En el presente, la tecnología de Gran Terror era tan barata que las sectas y las pequeñas bandas de delincuentes podían adquirirla. Keiko Mitsuri era la gran experta en esa cuestión. A pesar de que su trabajo quedaba oculto por tapaderas y mentiras, Keiko había salvado a millones de personas.

La carrera de la Reina Roja continuaba. En su inocencia, la maravillosa creatividad de la humanidad seguía generando consecuencias inesperadas. Había docenas de líneas de investigación que podían llegar a poner armas de destrucción masiva en manos de cualquiera que se hubiese levantado con mal pie.

Alfred pagó con un gesto de la mano y se acercó al cañón más próximo. Se apoyó en el metal cálido, mirando la neblina azul del Mediterráneo e imaginando una época menos complicada.
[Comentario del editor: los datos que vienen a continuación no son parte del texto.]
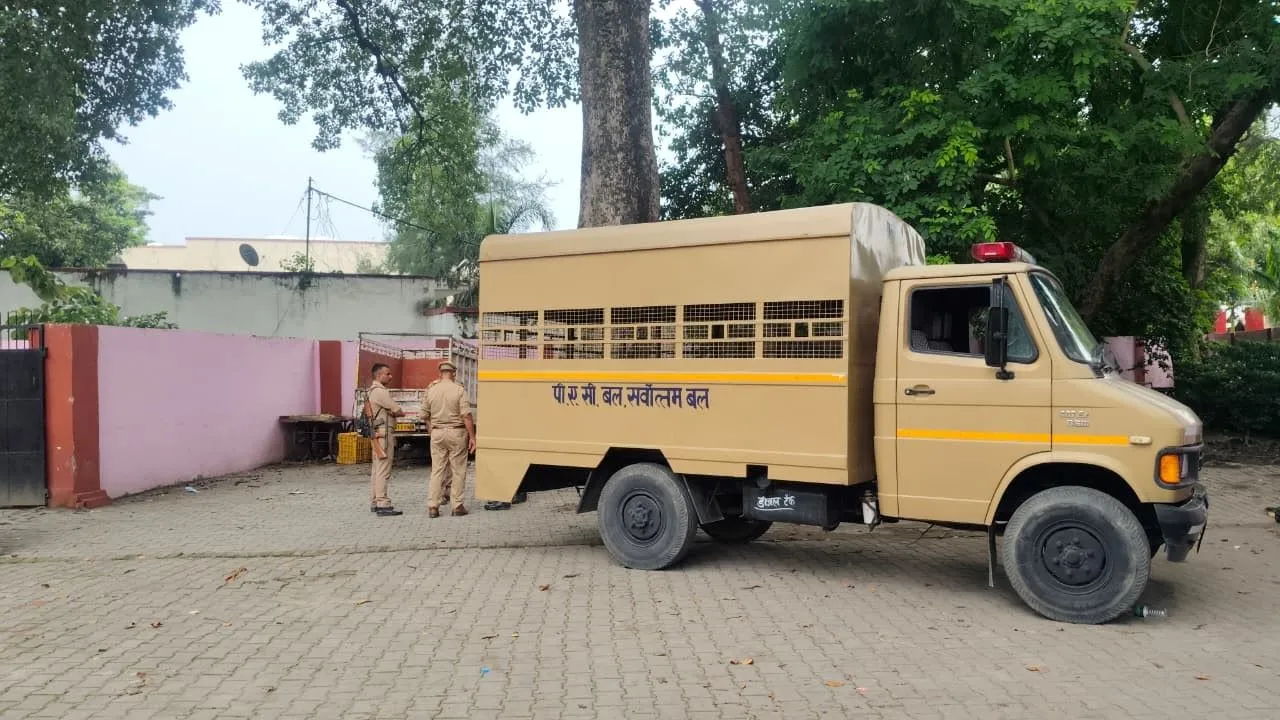  बाराबंकी : कर्ज में डूबे पीएसी जवान ने फांसी लगा दी जान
Pobre Günberk. Lo había entendido todo completamente al revés. Una TQC eficaz no sería el fin. En las manos adecuadas, la tecnología TQC resolvería la paradoja moderna: se aprovecharía la creatividad humana sin destruir el mundo para hacerlo. Más aún, era la única esperanza de que la humanidad sobreviviera al siglo XXI. Y en San Diego estoy tan cerca del éxito. Tres años antes había insinuado el proyecto a los laboratorios biológicos. El gran avance se había producido hacía menos de uno. Su prueba durante el partido de fútbol había demostrado la eficacia del sistema de dispersión. Al cabo de un año más o menos habría desarrollado controles semánticos de alto nivel. Con eso podría controlar por completo a los más cercanos a él y, lo más importante, sería capaz de contagiar la nueva infección a poblaciones enteras y de organizar unas cuantas videotransmisiones de alcance universal. Luego tendría el control. Por primera vez habría un adulto supervisando el mundo.

Ése era el plan, pero un golpe de increíble mala suerte lo hacía peligrar. Debería ver el lado positivo del asunto; ¡Günberk ha recurrido a mí par a resolver el problema! Alfred había invertido mucho esfuerzo en encontrar al «señor Conejo». Estaba claro que el tipo no tenía experiencia y que era el idiota pagado de sí mismo que creía Günberk. Los éxitos de Conejo eran apenas lo suficientemente destacados para considerarlo aceptable. Podían controlar a Conejo. Yo puedo controlar a Conejo. Desde dentro de los laboratorios, Alfred daría a Conejo la información falsa adecuada. Al final, ni Conejo ni los colegas de Alfred en la Alianza Indoeuropea se darían cuenta de que les habían engañado. Y luego, Alfred podría seguir adelante con lo que consideraba la mejor oportunidad, y la última, de salvar al mundo.

Subió a la torreta y admiró los acabados. La Comisión de Turismo de Barcelona había invertido un buen dinero en ja reconstrucción de aquellos artefactos. Si la representación de la batalla de esa noche encajaba con la realidad física, resultaría impresionante. Echó un vistazo a su programa de Mumbai… y decidió quedarse unas horas más en Barcelona.